What to work on:
Your response should be the complete listing, copied exactly.
Source data: Begin
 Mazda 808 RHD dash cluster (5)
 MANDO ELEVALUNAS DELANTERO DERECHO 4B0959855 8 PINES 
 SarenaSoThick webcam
Source data: End
Task response:
 Mazda 808 RHD dash cluster (5)
 MANDO ELEVALUNAS DELANTERO DERECHO 4B0959855 8 PINES 
 SarenaSoThick webcam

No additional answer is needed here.